Accuracy improvement and validation of GB-SAR-based slope safety monitoring at a hydropower station

doi:10.16265/j.cnki.issn1003-3033.2025.S2.0028

Abstract

Abstract:

To enhance the deformation monitoring accuracy of GB-SAR in the complex slope environments of hydropower stations characterized by high steepness and humidity, a typical slope in the reservoir area of a hydropower station in Qinghai Province was selected as the test site. A rigidly fixed combined target integrating radar corner reflectors and total station prisms was designed and deployed, while both GB-SAR and a total station were set up on the stable opposite bank. The displacement of the combined target, serving as the true value, was quantitatively and precisely controlled to systematically conduct a GB-SAR accuracy validation experiment. Based on the evaluation results from high-precision benchmark data, the filtering algorithm within the GB-SAR phase signal processing chain was optimized, and an adaptive spatiotemporal filtering method incorporating terrain gradient weighting and a phase stability index was proposed.
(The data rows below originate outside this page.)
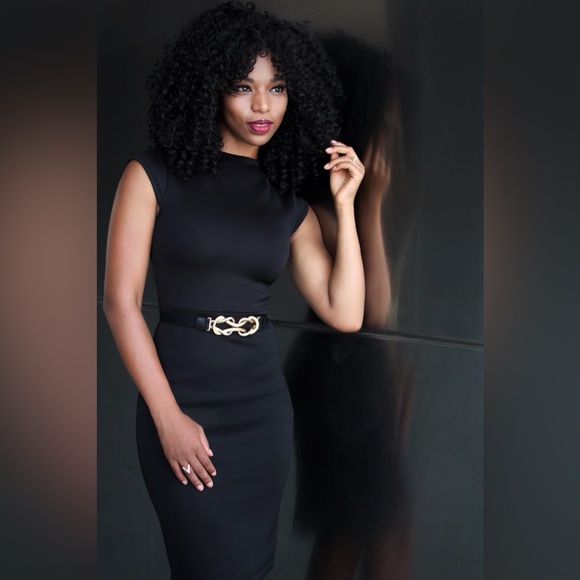 Elegant Black Mini Dress - Picture 1 of 6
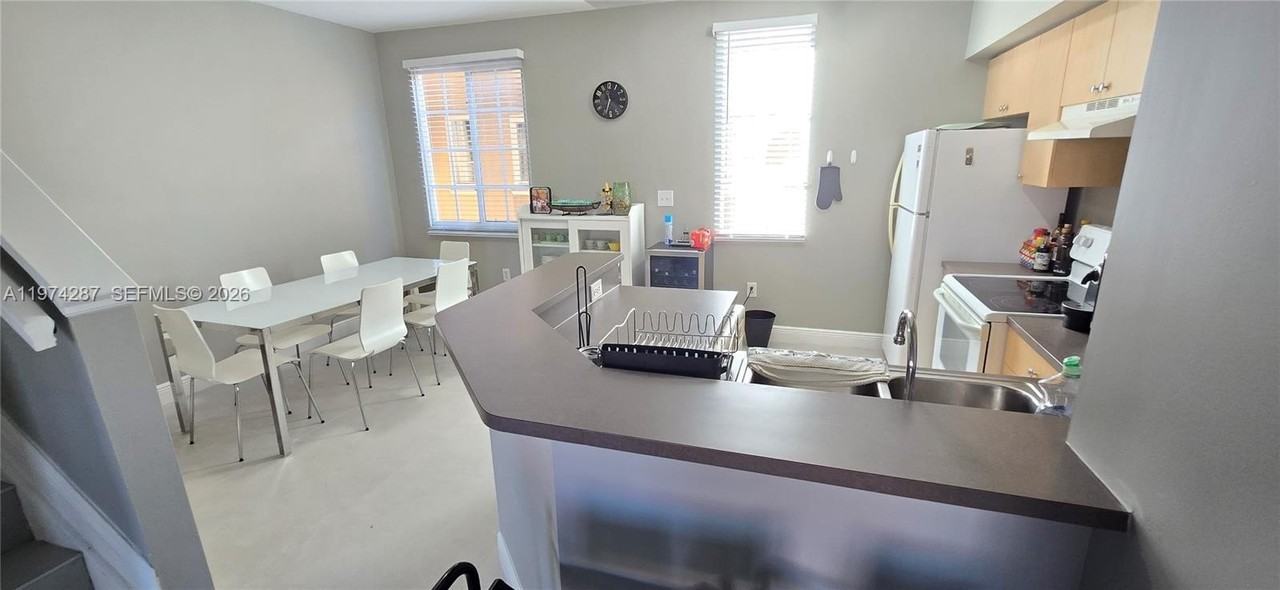 2945 Ne 185th St #1412 - Photo 4 of 39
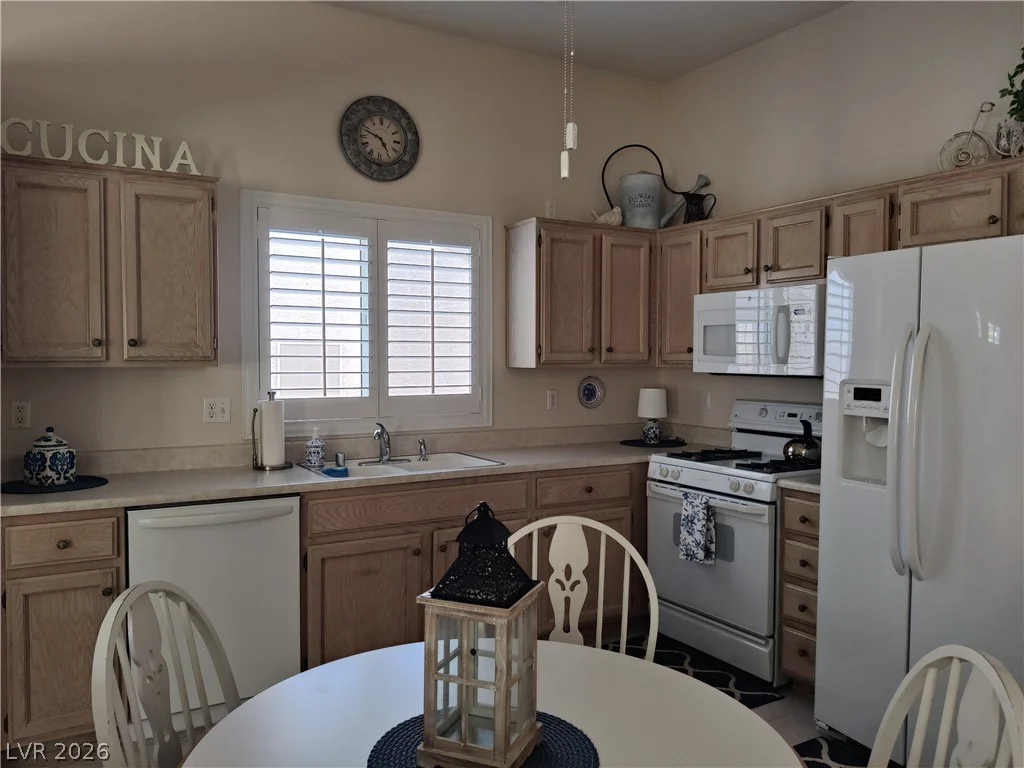 409 Golden State, Henderson, NV 89012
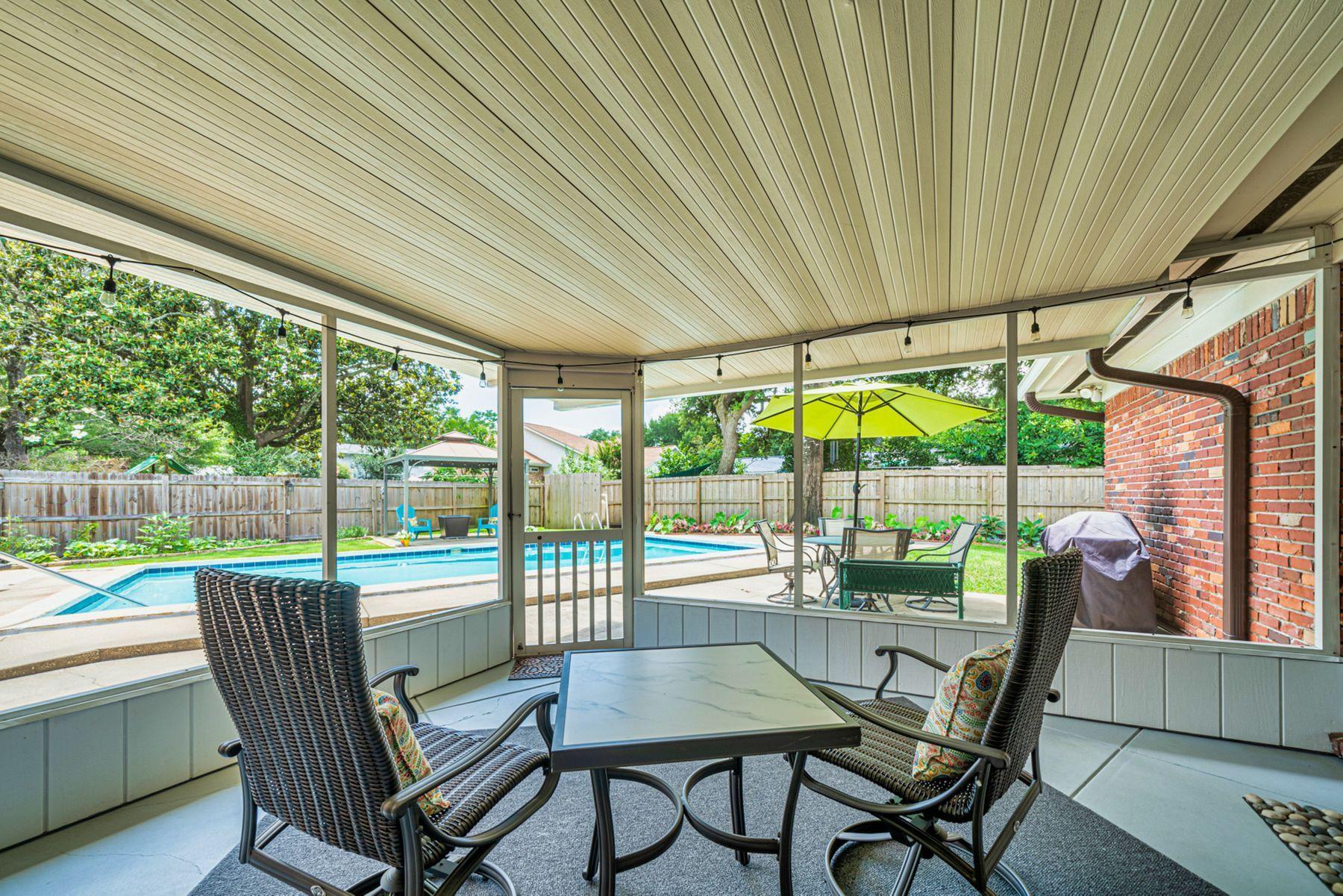 CHELSEA WOODS - Residential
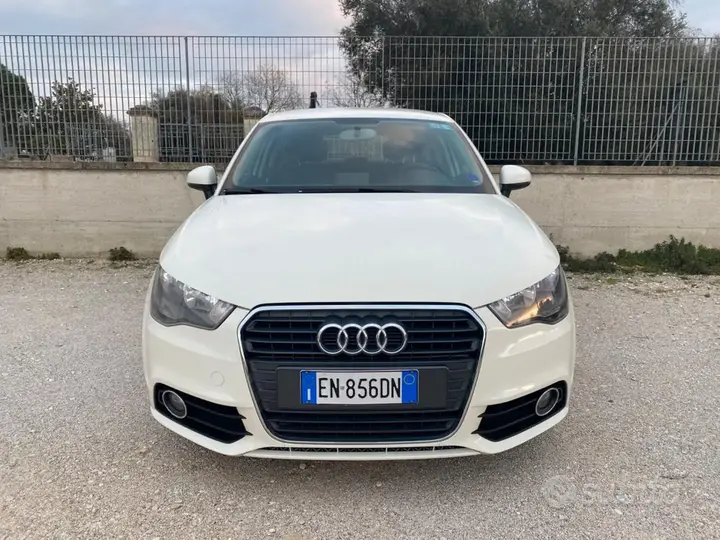 Audi A1 2012 photo 2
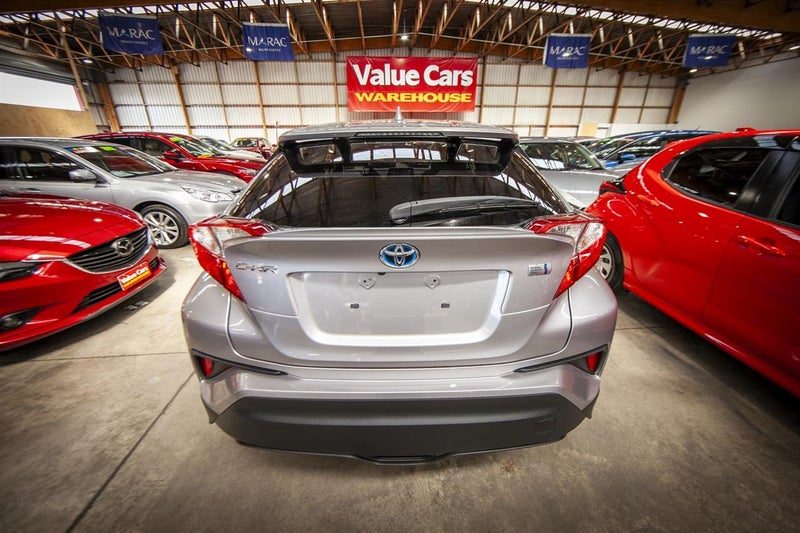 2017 Toyota C-HR Hybrid S, photo 2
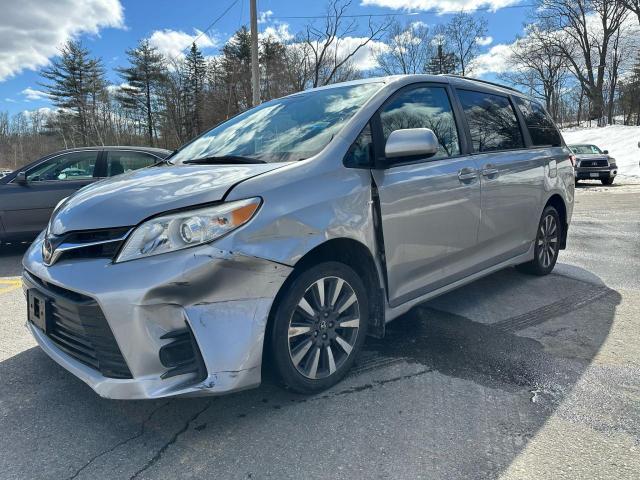 2018 TOYOTA SIENNA LE, 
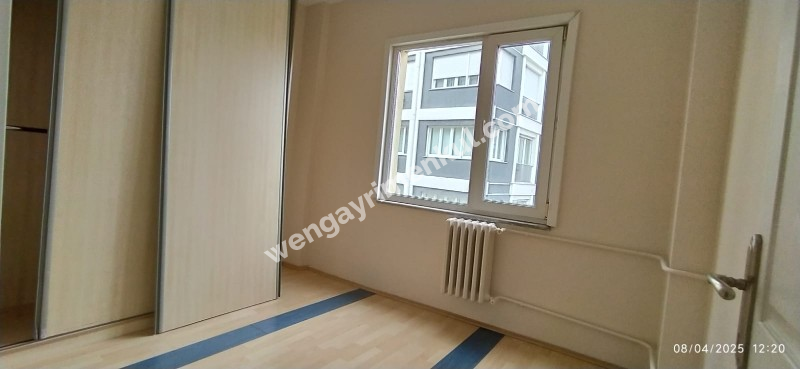KOZYATAĞI KİRALIK 3+1 BAKIMLI DAİRE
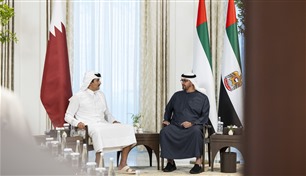 محمد بن زايد وأمير قطر يبحثان هاتفياً العلاقات الأخوية والتطورات الإقليمية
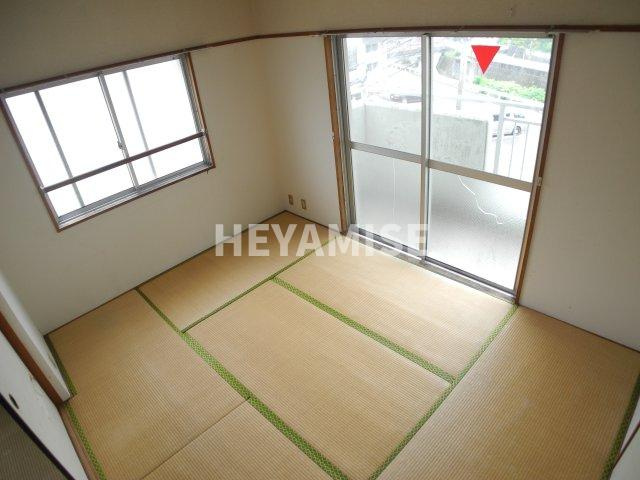 エステート辻の寝室|※同物件同間取り別部屋の写真です※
The results indicate that after algorithmic optimization, the deformation monitoring accuracy of GB-SAR for point targets in complex hydropower station slope environments is consistently improved to the submillimeter level (0.1 mm). The proposed quantitative displacement verification method and effective algorithmic optimization strategy significantly enhance the monitoring accuracy of GB-SAR in harsh environments and provide precise and reliable technical support for early warning of slope safety at hydropower stations.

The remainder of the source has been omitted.